**DATA FOR THIS EXERCISE**:
_ _ _ _
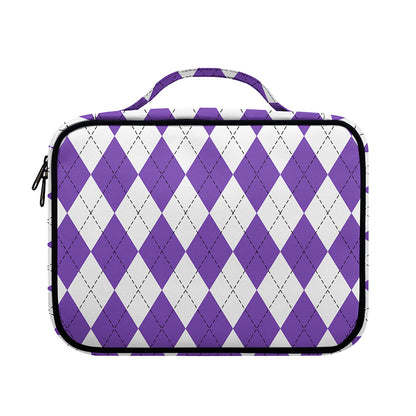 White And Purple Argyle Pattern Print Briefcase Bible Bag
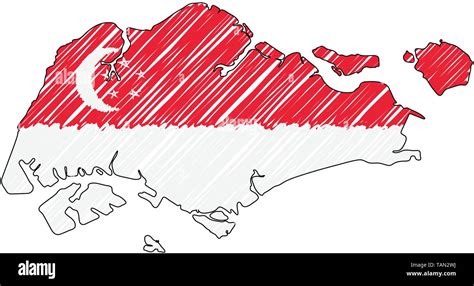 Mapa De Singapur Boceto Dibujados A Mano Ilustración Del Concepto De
_ _ _ _
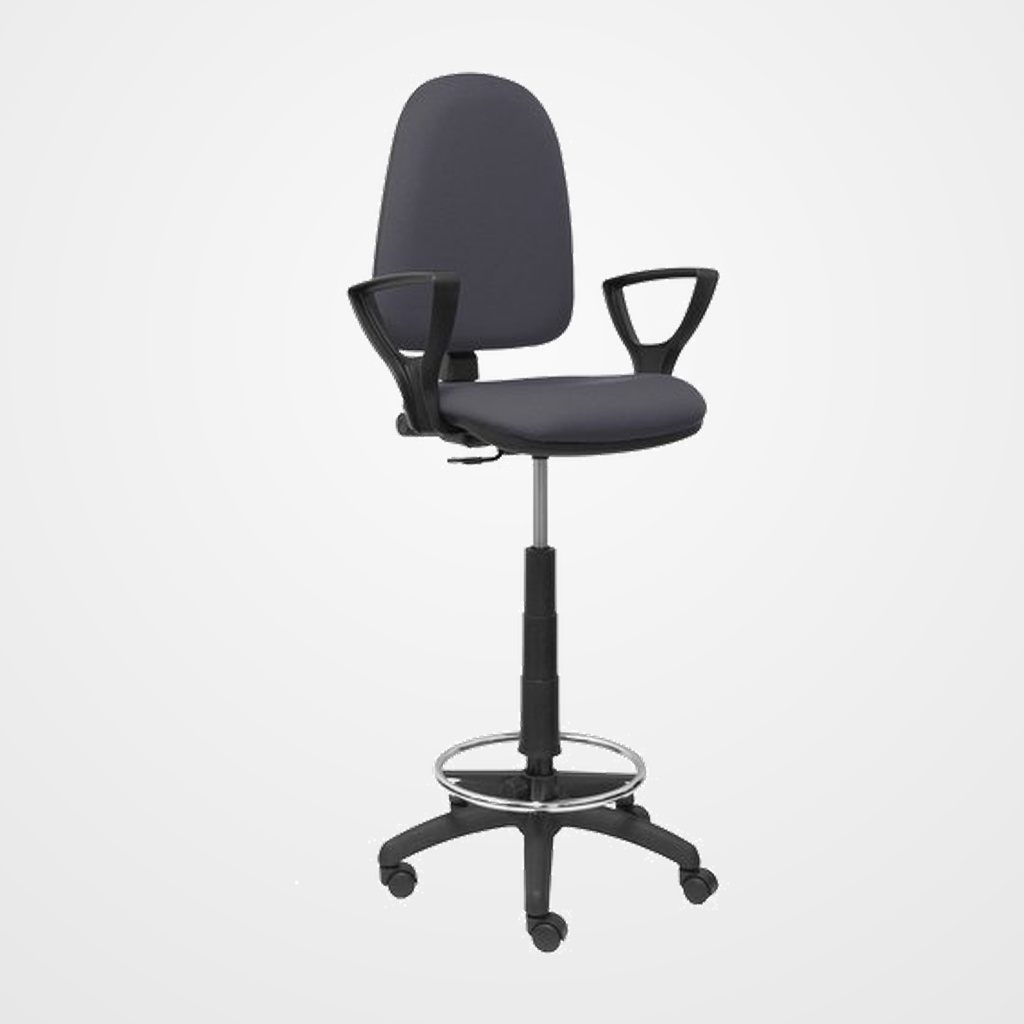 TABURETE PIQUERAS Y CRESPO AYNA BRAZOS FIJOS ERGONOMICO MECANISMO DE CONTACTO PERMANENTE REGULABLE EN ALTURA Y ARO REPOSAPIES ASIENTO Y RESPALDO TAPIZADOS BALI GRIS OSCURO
_ _ _ _
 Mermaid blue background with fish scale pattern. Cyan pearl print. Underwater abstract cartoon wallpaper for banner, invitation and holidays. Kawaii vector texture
_ _ _ _
**TASK GOAL**:
Return exactly the lines of the material above, starting at the line containing "White And Purple" and finishing at the line containing "Mapa De Singapur", without any pictures.

**ANSWER SECTION**:
 White And Purple Argyle Pattern Print Briefcase Bible Bag
 Mapa De Singapur Boceto Dibujados A Mano Ilustración Del Concepto De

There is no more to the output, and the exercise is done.